April 9, 2002

Funds and games; the economics of European cohesion policy

Substantial scope for improvement of European cohesion policy

Press release
European cohesion policy is less successful than it could be. Cohesion policy aims at reducing differences in GDP per capita between regions within the European Union. Billions of euro are spent on regional projects that, among other things, improve infrastructure and modernise education.

Simulations with large macroeconomic models show that these projects could accelerate economic growth substantially. Analyses of the actual growth record of recipient regions reveal, however, that this potential materialises only to a limited extent. For some of the poorest regions in Europe this means they miss out on half a percentage point of annual economic growth.

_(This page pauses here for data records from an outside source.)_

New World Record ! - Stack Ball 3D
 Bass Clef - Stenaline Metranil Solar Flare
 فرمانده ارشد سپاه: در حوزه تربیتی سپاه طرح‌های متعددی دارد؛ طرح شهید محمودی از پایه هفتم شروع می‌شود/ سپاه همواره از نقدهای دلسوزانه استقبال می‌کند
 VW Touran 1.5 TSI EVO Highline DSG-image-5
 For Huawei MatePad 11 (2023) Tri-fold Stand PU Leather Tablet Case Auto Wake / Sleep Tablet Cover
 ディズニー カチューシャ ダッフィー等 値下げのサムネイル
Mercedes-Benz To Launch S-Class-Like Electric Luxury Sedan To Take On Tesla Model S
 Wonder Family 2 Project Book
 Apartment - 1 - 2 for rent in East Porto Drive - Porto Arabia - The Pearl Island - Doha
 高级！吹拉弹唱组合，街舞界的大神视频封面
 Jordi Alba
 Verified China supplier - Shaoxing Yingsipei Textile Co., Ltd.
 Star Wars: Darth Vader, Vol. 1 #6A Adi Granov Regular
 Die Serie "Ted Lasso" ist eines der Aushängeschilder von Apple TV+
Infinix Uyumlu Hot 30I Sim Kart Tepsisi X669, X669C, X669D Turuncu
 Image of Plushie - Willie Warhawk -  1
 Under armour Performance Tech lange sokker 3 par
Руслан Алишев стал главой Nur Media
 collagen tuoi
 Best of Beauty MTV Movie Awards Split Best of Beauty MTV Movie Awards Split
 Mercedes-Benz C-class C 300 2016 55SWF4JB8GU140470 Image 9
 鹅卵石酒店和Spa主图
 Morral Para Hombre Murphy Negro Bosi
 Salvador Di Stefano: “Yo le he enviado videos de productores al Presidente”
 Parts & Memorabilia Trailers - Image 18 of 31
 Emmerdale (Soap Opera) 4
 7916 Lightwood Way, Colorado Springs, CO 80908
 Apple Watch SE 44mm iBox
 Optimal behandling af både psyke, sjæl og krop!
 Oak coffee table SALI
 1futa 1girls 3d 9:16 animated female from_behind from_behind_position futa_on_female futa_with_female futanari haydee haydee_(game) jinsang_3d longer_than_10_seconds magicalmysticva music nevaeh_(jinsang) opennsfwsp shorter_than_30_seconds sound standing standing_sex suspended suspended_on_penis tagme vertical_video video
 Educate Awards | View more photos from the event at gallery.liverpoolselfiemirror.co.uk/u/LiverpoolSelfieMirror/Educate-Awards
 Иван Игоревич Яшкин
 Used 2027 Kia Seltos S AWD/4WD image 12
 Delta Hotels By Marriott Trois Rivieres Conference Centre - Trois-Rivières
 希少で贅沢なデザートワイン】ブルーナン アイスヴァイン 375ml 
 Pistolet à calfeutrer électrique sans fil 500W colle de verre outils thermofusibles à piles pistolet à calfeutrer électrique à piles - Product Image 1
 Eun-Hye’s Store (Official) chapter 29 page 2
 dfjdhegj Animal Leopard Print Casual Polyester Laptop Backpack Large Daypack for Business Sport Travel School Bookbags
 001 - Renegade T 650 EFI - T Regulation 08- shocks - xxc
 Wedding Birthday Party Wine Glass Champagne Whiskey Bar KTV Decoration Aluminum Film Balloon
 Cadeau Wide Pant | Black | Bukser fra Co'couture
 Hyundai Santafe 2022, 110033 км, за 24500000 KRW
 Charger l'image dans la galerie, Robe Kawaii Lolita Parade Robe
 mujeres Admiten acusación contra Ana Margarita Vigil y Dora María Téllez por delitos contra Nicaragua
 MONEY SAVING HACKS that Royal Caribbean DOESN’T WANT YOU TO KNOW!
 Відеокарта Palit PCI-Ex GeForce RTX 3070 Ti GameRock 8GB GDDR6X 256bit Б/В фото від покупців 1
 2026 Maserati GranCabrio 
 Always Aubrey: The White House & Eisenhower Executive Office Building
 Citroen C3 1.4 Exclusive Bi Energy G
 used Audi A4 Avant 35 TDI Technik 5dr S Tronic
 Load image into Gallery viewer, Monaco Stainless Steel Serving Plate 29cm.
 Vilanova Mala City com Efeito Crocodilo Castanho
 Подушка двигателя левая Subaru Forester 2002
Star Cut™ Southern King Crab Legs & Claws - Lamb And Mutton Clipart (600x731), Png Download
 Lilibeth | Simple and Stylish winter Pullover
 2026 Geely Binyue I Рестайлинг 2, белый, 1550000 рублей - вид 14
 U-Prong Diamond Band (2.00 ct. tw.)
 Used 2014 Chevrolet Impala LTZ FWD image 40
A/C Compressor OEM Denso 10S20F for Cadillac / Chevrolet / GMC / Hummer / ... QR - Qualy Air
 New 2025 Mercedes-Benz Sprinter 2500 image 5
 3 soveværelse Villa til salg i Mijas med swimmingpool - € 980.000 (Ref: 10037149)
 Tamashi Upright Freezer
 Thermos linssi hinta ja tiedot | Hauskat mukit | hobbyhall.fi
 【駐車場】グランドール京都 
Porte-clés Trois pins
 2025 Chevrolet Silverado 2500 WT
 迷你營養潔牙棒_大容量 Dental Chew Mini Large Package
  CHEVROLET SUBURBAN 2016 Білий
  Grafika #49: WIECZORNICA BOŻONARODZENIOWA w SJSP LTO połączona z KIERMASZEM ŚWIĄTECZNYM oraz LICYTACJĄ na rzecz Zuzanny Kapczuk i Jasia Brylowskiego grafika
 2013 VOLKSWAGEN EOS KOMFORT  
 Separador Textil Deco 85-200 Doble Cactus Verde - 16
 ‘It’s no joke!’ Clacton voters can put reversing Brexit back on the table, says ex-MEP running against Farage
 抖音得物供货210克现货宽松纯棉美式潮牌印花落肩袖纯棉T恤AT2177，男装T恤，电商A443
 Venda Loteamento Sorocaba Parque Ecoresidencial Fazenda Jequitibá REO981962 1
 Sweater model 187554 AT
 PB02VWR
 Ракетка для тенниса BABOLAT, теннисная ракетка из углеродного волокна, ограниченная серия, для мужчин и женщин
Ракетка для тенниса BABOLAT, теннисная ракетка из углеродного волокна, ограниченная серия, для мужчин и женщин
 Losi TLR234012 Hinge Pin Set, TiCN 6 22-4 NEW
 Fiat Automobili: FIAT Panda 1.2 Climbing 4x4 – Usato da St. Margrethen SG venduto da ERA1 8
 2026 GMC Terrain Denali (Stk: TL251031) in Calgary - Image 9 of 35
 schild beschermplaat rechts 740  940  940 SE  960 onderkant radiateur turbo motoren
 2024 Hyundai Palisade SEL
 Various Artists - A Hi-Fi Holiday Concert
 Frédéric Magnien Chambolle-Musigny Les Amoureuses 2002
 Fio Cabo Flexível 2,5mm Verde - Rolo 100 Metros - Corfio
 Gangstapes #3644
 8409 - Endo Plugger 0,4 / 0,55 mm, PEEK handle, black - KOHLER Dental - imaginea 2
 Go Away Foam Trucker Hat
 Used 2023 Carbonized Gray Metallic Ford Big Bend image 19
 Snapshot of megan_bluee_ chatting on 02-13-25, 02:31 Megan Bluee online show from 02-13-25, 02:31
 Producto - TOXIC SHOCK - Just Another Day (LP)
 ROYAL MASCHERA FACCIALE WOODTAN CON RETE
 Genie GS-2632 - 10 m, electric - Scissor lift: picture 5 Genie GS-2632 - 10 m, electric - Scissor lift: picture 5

Researchers Sjef Ederveen, Joeri Gorter, Ruud de Mooij and Richard Nahuis of CPB Netherlands Bureau for Economic Policy Analysis reach this conclusion in their study Funds and games: the economics of European cohesion policy, which has been released today.

The slack in regional convergence has various causes. First, a large part of cohesion support goes to relatively rich regions. Second, the applied allocation criteria cannot bring about that the projects with the highest rate of return will be selected. Third, national governments cut back on their own regional policy once support from Brussels becomes available. Approximately, one euro of cohesion support reduces national aid by seventeen cents, notwithstanding the requirement that supported projects are co-funded by the public and the private sector.

Reform is expedient given the gap between actual and potential impact of cohesion policy. Moreover, it is important in the light of the upcoming EU enlargement. The accession of a number of relatively poor Central and Eastern European countries stretches the cohesion budget. The political tension between net contributors such as Belgium, The Netherlands and Germany, net receivers such as Greece, Ireland, and Spain, and future beneficiaries such as Hungary, The Czech Republic and Poland, becomes increasingly apparent. A more efficient cohesion policy could ease this tension. The study points out three tentative reform options. A possible direction for reform is more control by the European Commission.

Alternatively, one could confine cohesion support to fiscal transfers, and leave the spending details up to the Member States. A third option is to distribute the funds on the basis of a competition between distinct projects.


Read also the accompanying press release.

Cohesion support comprises the Structural Funds and the Cohesion Fund. After the Common Agricultural Policy it is the second largest item of the EU-budget: between 2000 and 2006, more than 200 billion euro will be allocated to regions and Member States that lag behind in development, have industries in decline, or face high unemployment. This amounts to more than 40% of the EU budget. It makes the distribution of funds subject to vigorous negotiations, which will only gain importance with the upcoming enlargement of the EU by twelve relatively poor new Member States.

The goal of cohesion policy lacks precision in official documents. It is, however, to be interpreted as to reduce the welfare differences among European regions. Views differ as to whether cohesion policy is successful. On the one hand, the European Commission is positive: in its Second Report on Economic and Social Cohesion it praises the effectiveness of current cohesion policies (EC, 2001b). On the other hand, some commentators take a more pessimistic view. Boldrin and Canova (2001) for example claim that cohesion policy is ineffective because it is primarily motivated by political considerations other than the reduction of welfare differences.

This study contributes to the discussion on the effectiveness of cohesion policy in two ways. First, it comprehensively reviews case studies, simulation models and econometric estimates, something that has not been done before with the same degree of thoroughness. From this review, we conclude that there is certainly scope for improvement in the effectiveness of cohesion policy. Secondly, the study makes use of the best-available data sources on cohesion policy to assess its impact upon redistribution and growth. This contributes to the relatively meagre body of econometric evidence. The results confirm some degree of redistributive efficiency: poor regions get more than rich regions.

It remains, however, unclear, to what extent cohesion support affects convergence. Some econometric analyses suggest that the funds have a negligible, or even a negative impact on convergence, while in others imply a significant positive impact. The study also makes use of a unique data set on national regional policy to estimate the extent of crowding out, i.e. the adverse impact of European funds on national regional support. This turns out to be an important phenomenon. How can cohesion policy be made more effective? The study considers various dilemmas that policy-makers face when thinking about cohesion policy reform. It also elaborates on how these dilemmas will change with the enlargement of the EU, and puts forward a number of directions for reform.